[![Open In Colab](https://colab.research.google.com/assets/colab-badge.svg)](https://colab.research.google.com/github/databyjp/AcademyXI_DA/blob/main/notebooks/AcademyXi_DA_Module_8_data_analysis_2.ipynb)

## AcademyXi Data Analysis - Data Analysis 2: 
### Workshop - Regression with Python
In this workshop module, we will show you examples of how Python can be used to build regression models. 

As we mentioned before, each of regression analysis and machine learning are very complex and large topics. Additionally, we appreciate that you will have varying degrees of familiarity with Python including its syntaxes, which we have not covered in this course.

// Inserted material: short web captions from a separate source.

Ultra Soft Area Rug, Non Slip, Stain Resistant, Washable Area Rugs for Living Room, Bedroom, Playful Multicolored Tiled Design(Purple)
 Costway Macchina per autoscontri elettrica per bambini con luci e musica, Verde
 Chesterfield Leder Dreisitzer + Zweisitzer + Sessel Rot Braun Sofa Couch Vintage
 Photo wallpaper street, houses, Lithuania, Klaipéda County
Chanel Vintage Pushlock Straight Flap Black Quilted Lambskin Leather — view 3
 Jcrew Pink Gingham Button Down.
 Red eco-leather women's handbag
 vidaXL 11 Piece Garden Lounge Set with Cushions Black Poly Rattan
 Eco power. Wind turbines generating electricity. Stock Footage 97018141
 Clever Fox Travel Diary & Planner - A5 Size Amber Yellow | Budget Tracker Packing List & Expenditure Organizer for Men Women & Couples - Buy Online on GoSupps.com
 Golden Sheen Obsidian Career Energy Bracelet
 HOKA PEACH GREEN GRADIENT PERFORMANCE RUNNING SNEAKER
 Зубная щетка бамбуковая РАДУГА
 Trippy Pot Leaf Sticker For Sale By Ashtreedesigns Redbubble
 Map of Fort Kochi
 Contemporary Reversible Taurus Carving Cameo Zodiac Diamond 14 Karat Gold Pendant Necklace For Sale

**So treat this section as an introductory demonstration to see some things that can be possible with these techniques, rather than something which you need to reproduce.**


Let's begin by importing a few libraries and modules to be used.

In [1]:
# Install additional libraries required (fsspec and s3fs) to load files through AWS S3
%%capture tmp
!pip install fsspec s3fs

# Import libraries to be used
import pandas as pd
import numpy as np
import plotly.express as px

## Linear regression with scikit-learn

[Scikit-learn](https://scikit-learn.org/stable/user_guide.html) may be the most commonly-used machine learning library for Python. It enables the user to build all manners of machine learning models from linear models to decision trees and even neural network models. 

Its relative simplicity and comprehensive documentation makes it not only a great tool but also a great learning resource.

Here, we will use it to develop a few simple linear regression models.

In [2]:
# Load data from S3
df = pd.read_csv("s3://databyjp/academyxi/auto-mpg.csv")

In [None]:
df.head()

We'll use the [auto-mpg dataset](https://archive.ics.uci.edu/ml/datasets/auto+mpg) again, which you would have seen before. 

The dataset includes a number of parameters of cars, which can be used to predict their fuel efficiency (mpg) characteristics. 

### My first regression model


To get started with, let's build a regression model to predict the fuel efficiency, based on the engine size (displacement).

First, we'll briefly visually inspect the data.

In [None]:
import plotly.express as px
fig = px.scatter(df, x="displacement", y="mpg")
fig.show()

The relationship here between money spent and impressions look somewhat linear - so let's fit a simple [linear regression model](https://scikit-learn.org/stable/modules/generated/sklearn.linear_model.LinearRegression.html).

In [5]:
from sklearn import linear_model
reg = linear_model.LinearRegression()

Here, we specify a linear regression model with the `fit_intercept` argument being `False`, which specifies a linear regression model with a zero intercept.

In [None]:
reg.fit(df[["displacement"]], df["mpg"])

Here we provide the values to develop the model with, which are the "Spent" column as the independent variables and the "Clicks" as the dependent (target) variable. And we can print parameters of the model here:

In [None]:
print(reg.coef_, reg.intercept_)

The `reg.coef_` and `reg.intercept_` outputs respectively indicate the coefficient(s) and intercept of the regression model respectively.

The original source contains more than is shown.